(DESCRIPTION OF THE TASK) What number of lines in the records below hold the word "Casa"? Give that number alone.

(GIVEN RECORDS)
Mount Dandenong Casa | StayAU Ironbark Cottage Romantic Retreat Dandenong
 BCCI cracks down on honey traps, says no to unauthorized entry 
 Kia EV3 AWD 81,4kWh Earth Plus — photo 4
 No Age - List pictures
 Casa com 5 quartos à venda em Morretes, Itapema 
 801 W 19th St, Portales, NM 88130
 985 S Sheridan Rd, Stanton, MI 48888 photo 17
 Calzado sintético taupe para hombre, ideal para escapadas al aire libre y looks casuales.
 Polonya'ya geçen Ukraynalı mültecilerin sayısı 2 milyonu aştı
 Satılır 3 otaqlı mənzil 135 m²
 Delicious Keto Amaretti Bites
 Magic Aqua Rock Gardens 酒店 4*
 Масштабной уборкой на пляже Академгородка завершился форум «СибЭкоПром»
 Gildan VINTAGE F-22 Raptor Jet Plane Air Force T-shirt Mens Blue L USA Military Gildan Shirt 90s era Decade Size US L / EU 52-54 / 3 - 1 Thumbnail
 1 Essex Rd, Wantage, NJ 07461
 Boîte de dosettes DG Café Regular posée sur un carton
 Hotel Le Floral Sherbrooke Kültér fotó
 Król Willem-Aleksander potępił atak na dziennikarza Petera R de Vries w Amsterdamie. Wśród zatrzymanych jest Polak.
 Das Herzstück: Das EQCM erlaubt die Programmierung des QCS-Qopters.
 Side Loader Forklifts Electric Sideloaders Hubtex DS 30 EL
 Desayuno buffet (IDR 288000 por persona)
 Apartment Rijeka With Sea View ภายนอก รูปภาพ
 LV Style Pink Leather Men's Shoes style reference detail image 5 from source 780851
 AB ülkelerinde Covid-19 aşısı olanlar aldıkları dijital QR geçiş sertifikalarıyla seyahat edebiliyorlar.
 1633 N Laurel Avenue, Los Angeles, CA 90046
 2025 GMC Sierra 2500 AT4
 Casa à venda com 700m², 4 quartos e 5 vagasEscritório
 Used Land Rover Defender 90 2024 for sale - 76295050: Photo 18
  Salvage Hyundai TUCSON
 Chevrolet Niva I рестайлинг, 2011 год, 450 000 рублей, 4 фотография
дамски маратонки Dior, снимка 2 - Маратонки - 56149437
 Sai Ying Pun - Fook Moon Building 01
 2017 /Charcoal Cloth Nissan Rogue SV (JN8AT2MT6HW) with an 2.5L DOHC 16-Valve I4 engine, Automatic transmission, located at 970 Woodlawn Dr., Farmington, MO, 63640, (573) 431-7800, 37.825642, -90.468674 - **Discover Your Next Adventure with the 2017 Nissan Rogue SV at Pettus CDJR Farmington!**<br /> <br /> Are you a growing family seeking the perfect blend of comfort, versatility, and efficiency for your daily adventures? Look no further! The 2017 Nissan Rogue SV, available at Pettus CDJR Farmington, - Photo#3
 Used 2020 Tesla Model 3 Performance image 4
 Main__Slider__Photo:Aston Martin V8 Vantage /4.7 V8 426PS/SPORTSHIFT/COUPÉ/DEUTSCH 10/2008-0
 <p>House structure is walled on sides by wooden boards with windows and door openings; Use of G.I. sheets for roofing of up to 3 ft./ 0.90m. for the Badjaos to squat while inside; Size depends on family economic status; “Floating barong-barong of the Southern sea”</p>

(RESULT FOR THIS EXERCISE) 3